2018 Lens Mist Finalists:
Aimee Le Fevre, Cansu Buyukyagci, Charlie Barker, David Pendleton, Gigi Williams, Jackson Raine, Janine Magro, Matt Harvey, Michael Kluge, Naomi Rahim, Peter Merriner, Peter Williams, Peter D Williams, Robert Donat, Robin Williams, Rose Goodson, Shari Sherriff, Stephen Brown, Ian Blunt, Bailey Bliss, Hugo Harvey, Mia Thompson and Raphael Cali.
Curatorial Committee comments:
2018 Curatorial Committee members: Lou Hubbard - Video and sculptural artist. Head of Photography at the Victorian College of the Arts, University of Melbourne. Eliza Hutchinson - Melbourne based photographer and artist. Mira Oosterweghel - Performance, sculpture, installation, video and sound artist
Rose Goodson, Corner of the Beach, Digital Photograph, 2017
Best Photograph, Sponsored by DFO Moorabbin
Eliza Hutchinson- Explores the transition into night in an exploration of the use of light artificial and natural. Moody and enigmatic the image plays against the common demand for clarity and resolution in the image. The photograph’s oscillating structure— around the resolute green light, the people, the pier, the bush and the beach — turns an everyday occurrence into a moment of hazy contemplation.
Lou Hubbard- This haunting image invokes Impressionism or indeed an Edvard Munch painting. A small bright light brings decisive clarity to this murky scene at Mordialloc: we could be anywhere, in any corner of any bay.
Mira Oosterweghel- A mundane seaside setting evokes a dark emotional landscape. The grainy image refuses to give away any definitive position, exploring a liminal space instead. A sharp green light pierces the image, evoking an imaginative potential. One association we may draw on is the image of F. Scott Fitzgerald’s famous protagonist, Jay Gatsby, staring out at the green light at the end of the opposite dock. The light Gatsby sees night after night belongs to the object of his love, Daisy Buchanan, who, like the light’s incandescence, remains close but always just out of reach; the beckoning light is a constant reminder of the love and life with her that he so deeply desires.
Matt Harvey, Les Coleman, Korean War Veteran, Digital Photograph, 2017
Highly Commended, Sponsored by the City of Kingston
Eliza Hutchinson- Matt Harvey’s emblematic image of Les Coleman at the Australian Aircraft Museum inscribes person, history and place in a highly structured image. The aura of the subject is flanked by his shared of histories of place and production. The passage of time and history artfully constructed in the photographic moment.
Lou Hubbard- This portrait of Les Coleman embraces the spirit of aviation and hints at its darker deployment. Poised within a radial composition, the subject gazes warily and deeply into the lens; he has seen it all.
Mira Oosterweghel- This painterly image of Les Coleman at the Aviation Museum in Moorabbin powerfully connects past to present and place.
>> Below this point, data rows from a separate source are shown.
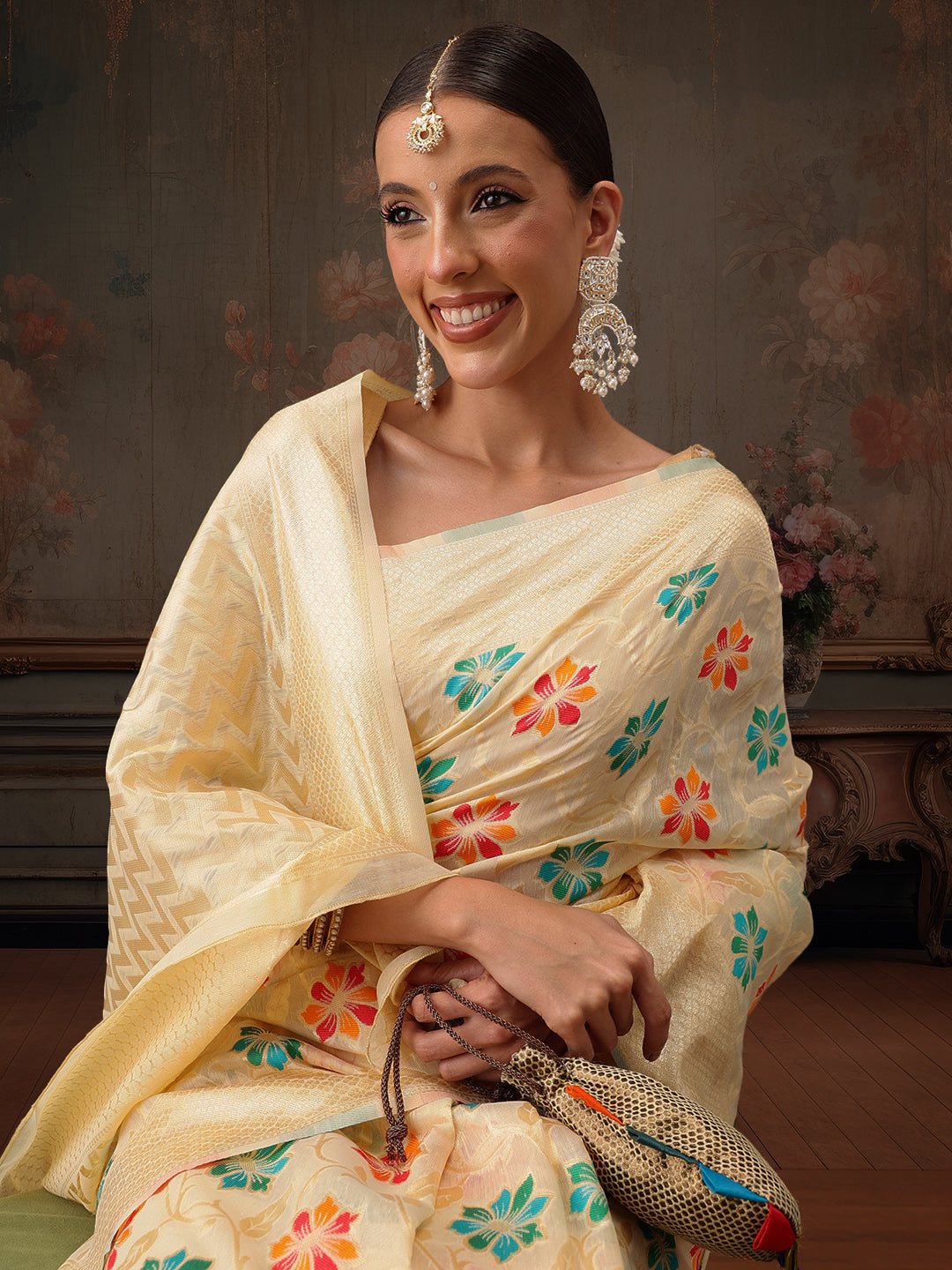 Hiral Fashion Beige Jamdani Cotton Floral Woven Thread Saree | Swadesiicart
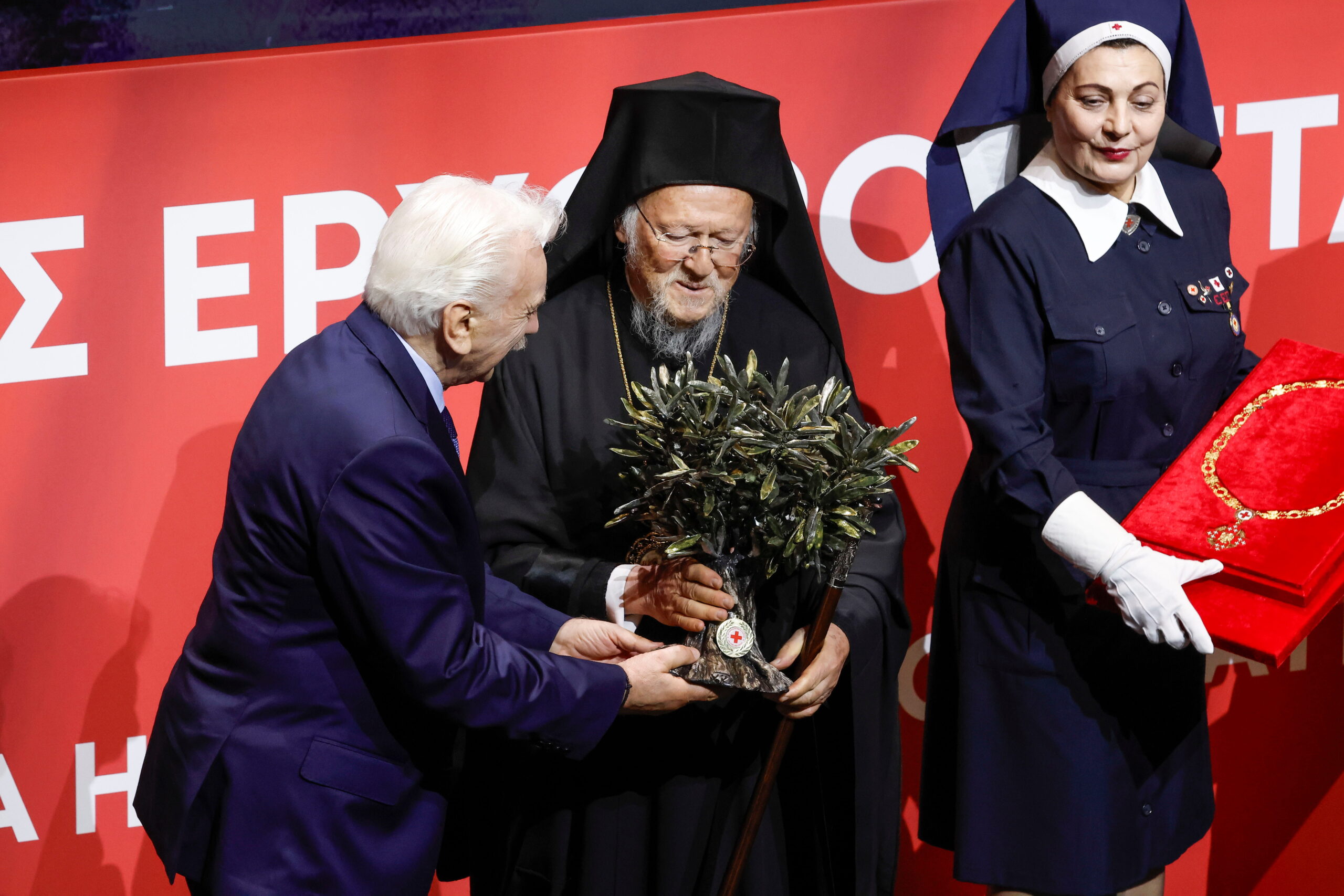 Ο Ελληνικός Ερυθρός Σταυρός τίμησε τον Παναγιώτατο Οικουμενικό Πατριάρχη κ.κ. Βαρθολομαίο σε μια λαμπρή εκδήλωση στο Ιωνικό Κέντρο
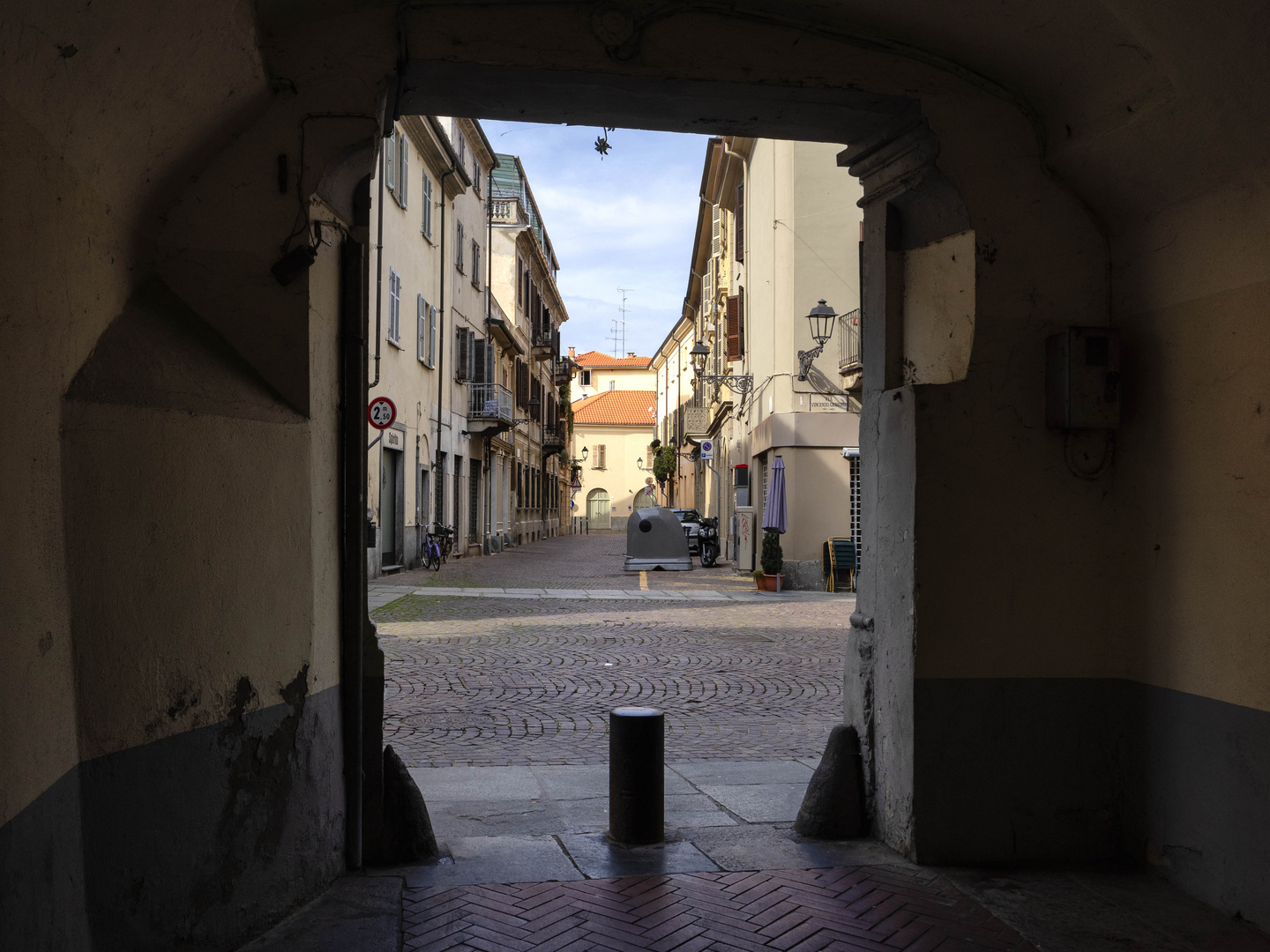 Sotto un portico di Vercelli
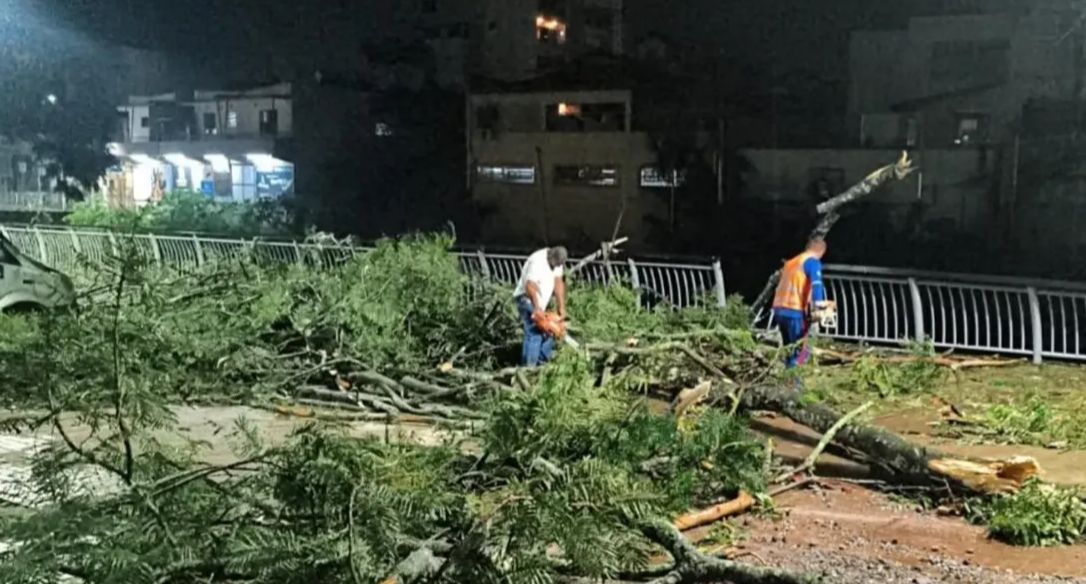 Após temporal de sexta-feira, Itabirito registra danos e mobiliza equipes de limpeza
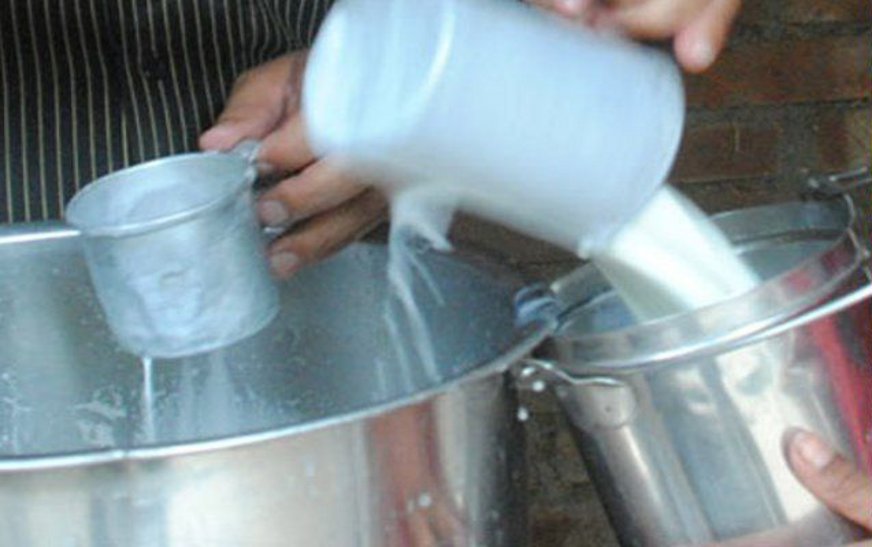 लॉकडाउन में काउंटर लगाकर दूध बेच सकेंगे दुकानदार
The regal composition of the figure in the portrait pays tribute to Les Coleman, while the muted tones of the image suggest a darker undercurrent. Memories left unspoken.
Mia Thompson, She Makes A Splash, Digital Photograph, 2017
Best Photograph, Under 18, Sponsored by the City of Kingston
Eliza Hutchinson - Performative of the everyday, a beautiful exploration of the sculpting of time with photography where the means of production (the youth) forms the sub-structure for the pyramid of water. The tonal qualities of the clouds and the flat surface of the sea provide weighty yet serene stage set where playful creativity becomes the potential experience of the everyday.
Lou Hubbard - On a quiet Sunday morning the photographer’s sister makes a huge splash at Edithvale Beach. A striking composition, this image is joyful in spirit and candid in its portrayal of pleasure at play. The fountain of youth is truly felt.
Mira Oosterweghel- A celebration of vitality and youth, this image shows a young woman creating a determined splash and pointing to the sky. Utilising the performative body and gesture, the image evokes the significant history of performance and documentation that saw women taking control of how their bodies were positioned and consumed within the lexicon of art history.